Wasted retrievals: 28% of the 38.7% false positives are entirely wasted (~8% overhead). Compressing this is a direct point for improvement.
Privacy: Predictive prefetching may keep sensitive query patterns in cache longer, requiring more aggressive cache eviction policies in privacy-sensitive scenarios.
Bridge Questions: 81% of the 0.5% EM gap on HotpotQA comes from bridge-type questions where the second hop depends on the first hop's result. This remains a challenge for prediction and might require multi-step beam or delayed second-hop prediction.

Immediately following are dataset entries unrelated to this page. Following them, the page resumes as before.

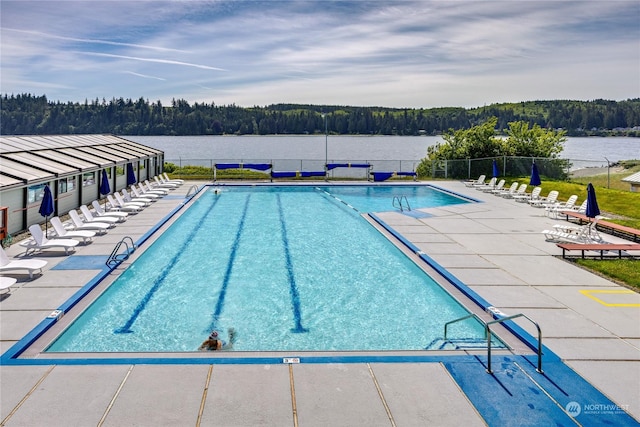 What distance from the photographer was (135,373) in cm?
671

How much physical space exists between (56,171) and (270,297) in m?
11.0

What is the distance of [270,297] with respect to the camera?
11.1m

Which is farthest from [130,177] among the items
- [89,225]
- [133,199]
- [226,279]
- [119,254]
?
[226,279]

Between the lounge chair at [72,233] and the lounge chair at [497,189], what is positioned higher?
the lounge chair at [497,189]

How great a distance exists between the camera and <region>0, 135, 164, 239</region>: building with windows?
1523 cm

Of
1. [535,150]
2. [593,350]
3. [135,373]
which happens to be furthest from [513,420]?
[535,150]

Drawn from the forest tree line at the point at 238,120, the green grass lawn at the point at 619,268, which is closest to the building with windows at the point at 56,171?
the green grass lawn at the point at 619,268

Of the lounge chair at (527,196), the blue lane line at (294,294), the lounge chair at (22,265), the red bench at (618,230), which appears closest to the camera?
Answer: the blue lane line at (294,294)

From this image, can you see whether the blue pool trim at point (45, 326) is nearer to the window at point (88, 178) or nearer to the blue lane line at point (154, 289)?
the blue lane line at point (154, 289)

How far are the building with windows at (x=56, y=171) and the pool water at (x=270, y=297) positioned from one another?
4394 millimetres

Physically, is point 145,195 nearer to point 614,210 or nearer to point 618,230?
point 618,230

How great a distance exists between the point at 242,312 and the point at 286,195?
18197 mm

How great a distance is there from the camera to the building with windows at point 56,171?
50.0ft

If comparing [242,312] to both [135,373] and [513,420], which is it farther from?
[513,420] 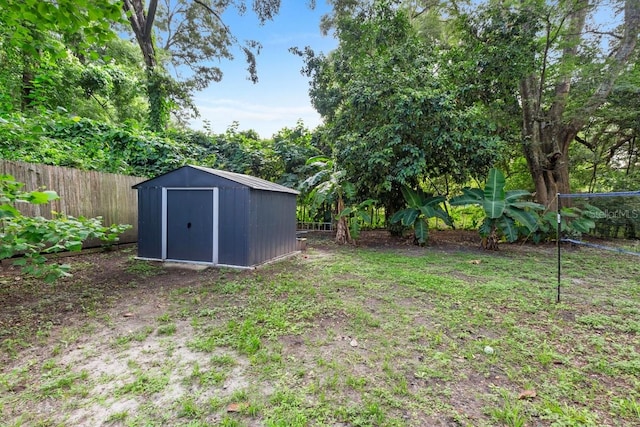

vs FLARE / Self-RAG / DRAGIN: These are "reactive synchronous retrieval" methods that trigger based on current entropy/signals and block generation. Ours advances the decision timing by 8–16 tokens and executes asynchronously, reducing TTFT by 50%+.
vs TeleRAG: TeleRAG uses a fixed lookahead window regardless of actual need. Ours uses the learned probability $\hat p_t$ to decide dynamically, avoiding ineffective prefetching.
vs PipeRAG: PipeRAG is also asynchronous but uses stale tokens as queries, leading to mismatch during topic shifts. Ours uses T5-small to generate future-oriented queries, achieving 1.9% higher EM and higher efficiency (14.4 vs 13.0).
vs vLLM / System-level RAG optimization: System optimizations (FAISS, KV cache) shorten "single retrieval latency." Ours hides the latency. These are orthogonal and can be stacked.

Rating¶

Novelty: ⭐⭐⭐⭐ "Predictive asynchronous prefetching" is a complete first for RAG. The 8–16 token precursor observation is solid, though individual components are existing modules.
Experimental Thoroughness: ⭐⭐⭐⭐⭐ 6 benchmarks + 9 baselines + 6 model families + tail latency + failure analysis + sensitivity sweeps.
Writing Quality: ⭐⭐⭐⭐ Clear structure, well-defined formulas, and quantitative explanations of trade-offs. Some sections (like contextual bandit derivation) are brief, necessitating the appendix.
Value: ⭐⭐⭐⭐⭐ RAG latency is the primary bottleneck for production. A 43.5% E2E reduction for a 0.5% EM cost is highly efficient and ready for deployment.